We are now looking for extensions and improvements of ABCel, both at the methodological and at the genetic levels, and we would of course welcome any comment at this stage. The paper has been submitted to PNAS, as we hope it should appeal to the ABC community at large, i.e. beyond statisticians…

Confronting intractability in Bristol

Posted in pictures, Running, Statistics, Travel, University life, Wines with tags , , , , , , , , , , , , on April 18, 2012 by xi'an

Here are the (revised) slides of my talk this afternoon at the Confronting Intractability in Statistical Inference workshop in Bristol, supported by SuSTain. The novelty is in the final part, where we managed to apply our result to a three population genetic escenario using one versus two δμ summary statistics. This should be the central new example in the incoming revision of our paper to Series B.
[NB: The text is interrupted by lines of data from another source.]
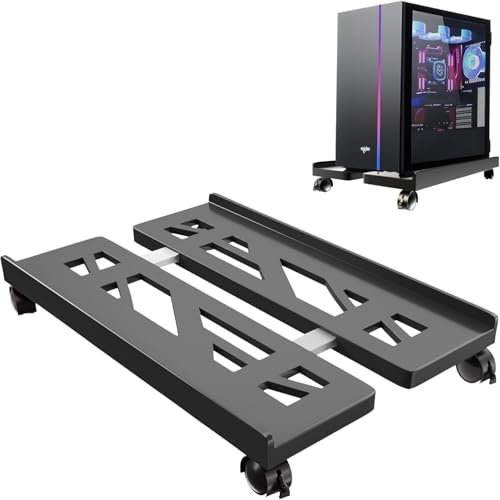 ACTIUSIS Adatto per supporto per computer a torre PC, supporto mobile per CPU, supporto universale per CPU con quattro ruote, supporto da tavolo per computer, carrello per CPU, nero.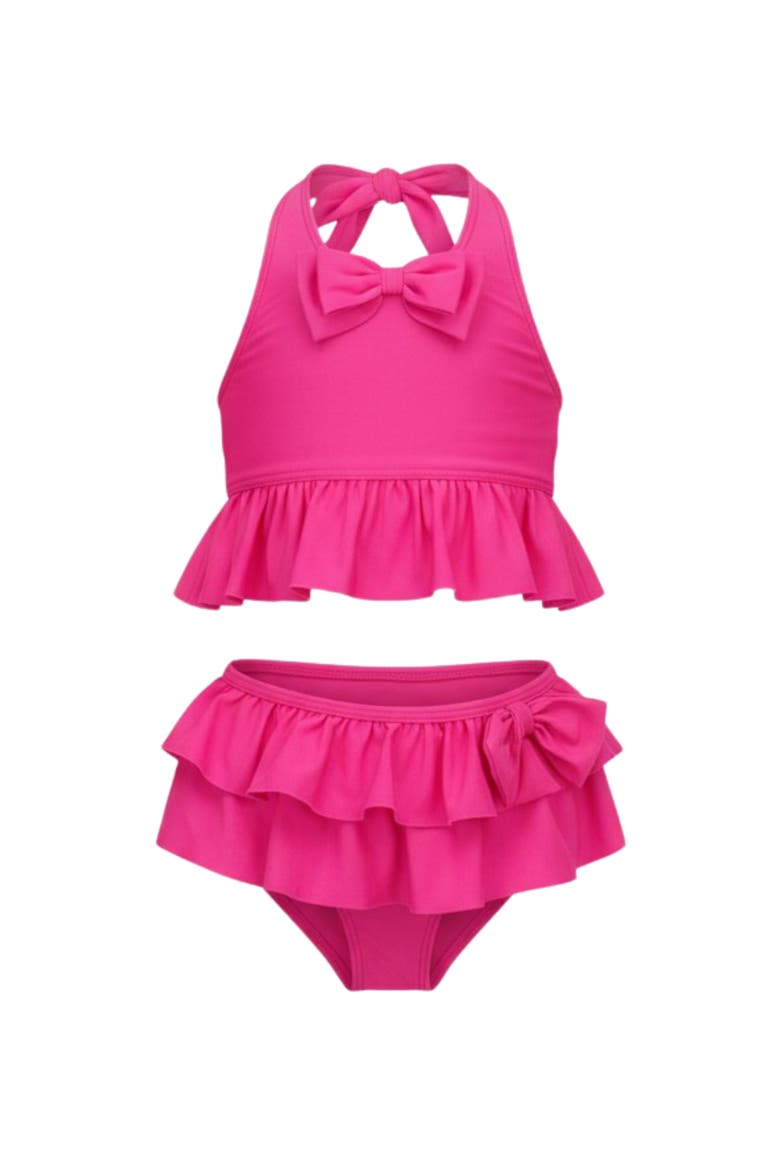 Boats and Bows Ruffle Skirt Two Piece Swimsuit, Main, color, Pink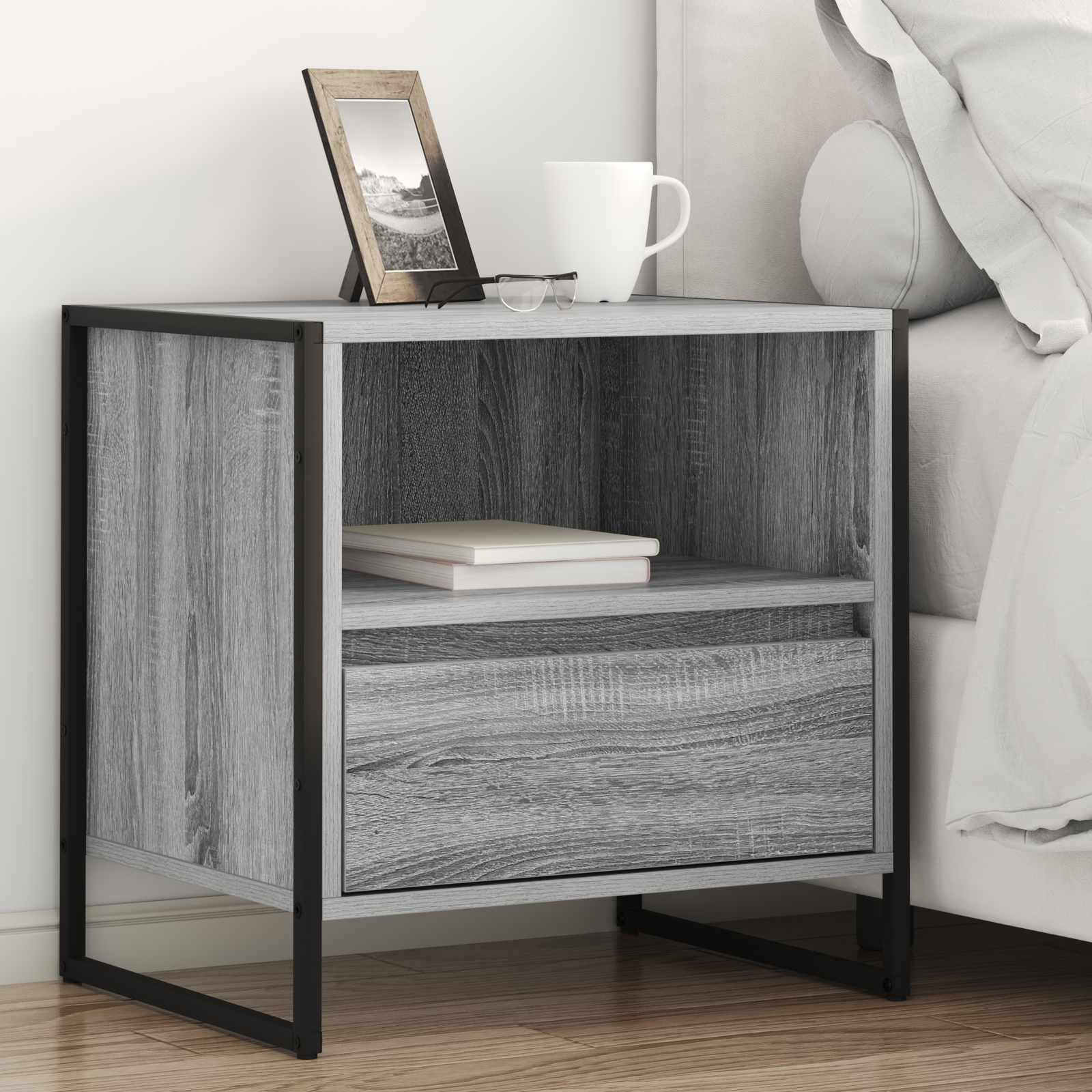 Comodino Sonoma 50 × 39,5 × 50 cm legno con cassetto, gambe in acciaio inox, moderno tavolo laterale per camera da letto e soggiorno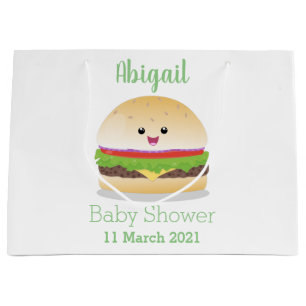 Cute happy kawaii hamburger cartoon groot cadeauzakje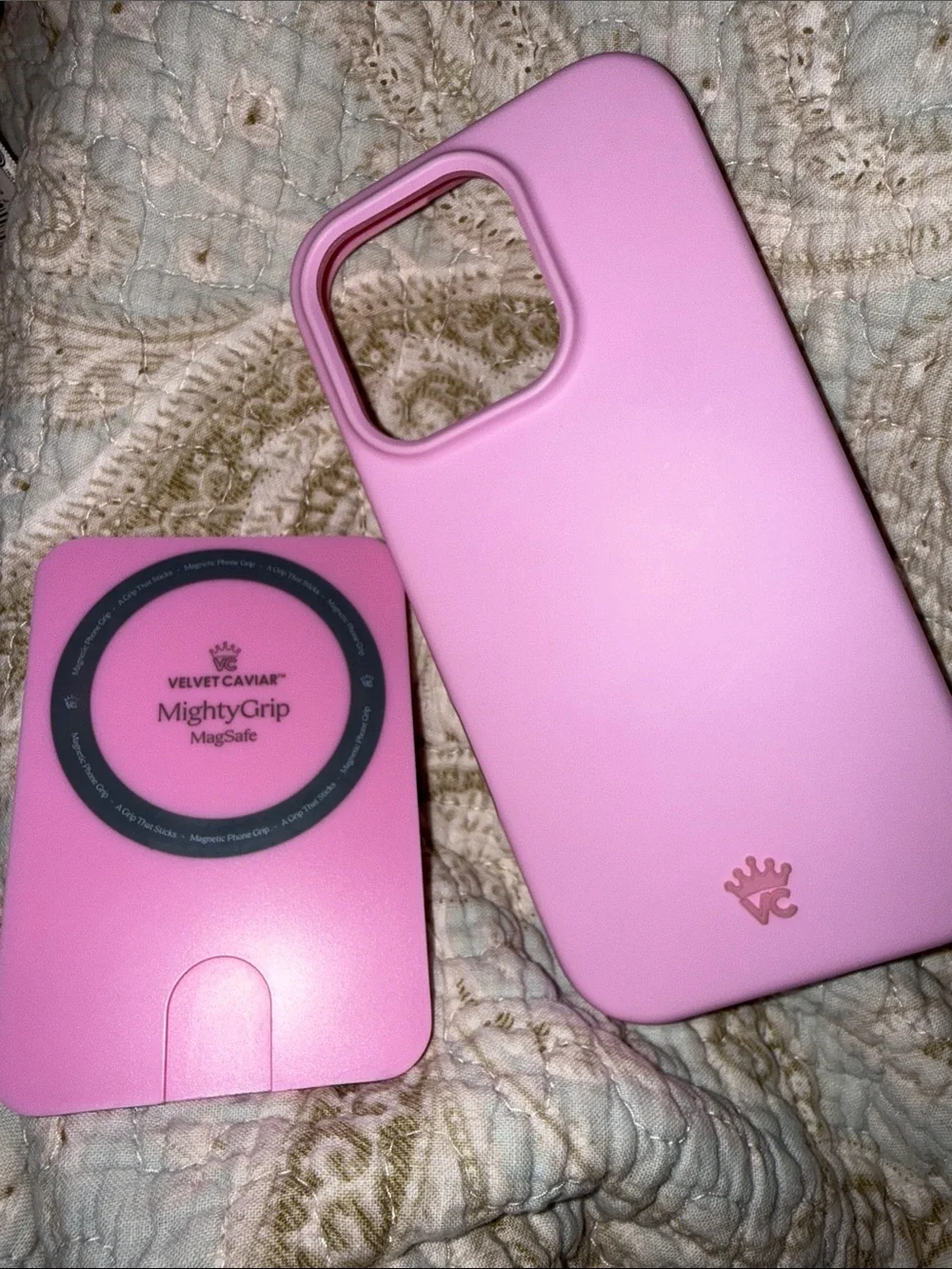 Pink sugar IPhone 16 Pro Velvet Caviar case. MagSafe mighty grip.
More generally, the meeting is very interesting, with great talks and highly relevant topics: e.g., yesterday, I finally understood what transportation models meant (at the general level) and how they related to copula modelling, saw a possible connection from computer models to ABC, got inspiration to mix Gaussian processes with simulation output, and listened to the whole exposition of Simon Wood’s alternative to ABC (much more informative than the four pages of his paper in Nature!). Despite (or due to?) sampling Bath ales yesterday night, I even woke up early enough this morning to run over and under the Clifton suspension bridge, with a slight drizzle that could not really be characterized as rain…

Still not confident…

Posted in Statistics, University life with tags , , , , , on June 14, 2011 by xi'an

About 45 days after submitting our revised version of lack of confidence in ABC model choice to PNAS, we have received the reviews and they still ask for more clarity in our conclusions. In particular, one referee does not buy the distinction between ABC point (and confidence) estimation and ABC model choice, namely that ABC may equally go wrong in the former case when using a poor selection of summary statistics.  This is correct, even though a stepwise ABC estimation à la Marjoram could bring some measure of confidence in the set of summary statistics used for estimation. This referee’s conclusion is then that “the statistics we use for model checking must be different from those used in inference“. This is sound when considering the simple normal example we include in the paper, however in realistic situations, there is no sufficiency to aim at and therefore it is impossible to know how good or how different those summary statistics are. The second referee maintains her or his earlier position that there is nothing wrong with ABC when using a sufficiently large collection of summary statistics. The proof is given in our paper by the fact that for the larger dataset  we “get statistically reliable results using ABC for model choice (without using sufficient statistics)”. First, this is only one experiment, with no reason to extrapolate to other philogenetic trees and even less to models outside population genetics. Second, we only argue that the ABC Bayes factor does not have any reason to converge to the true Bayes factor. It may well be a consistent quantity for model selection, but theoretical arguments are currently missing (although an extension of the perspective adopted in Fearnhead and Prangle and in Dean et al., namely to see ABC as an inference method per se rather than an approximation to a Bayesian inaccessible methodology, could be considered here as well). In conclusion, this means that we have to go for yet another run of revision that will tone even further down our conclusion and presumably soften the distinction between point estimation and hypothesis testing… A good thing Natesh starts his visit to Paris today!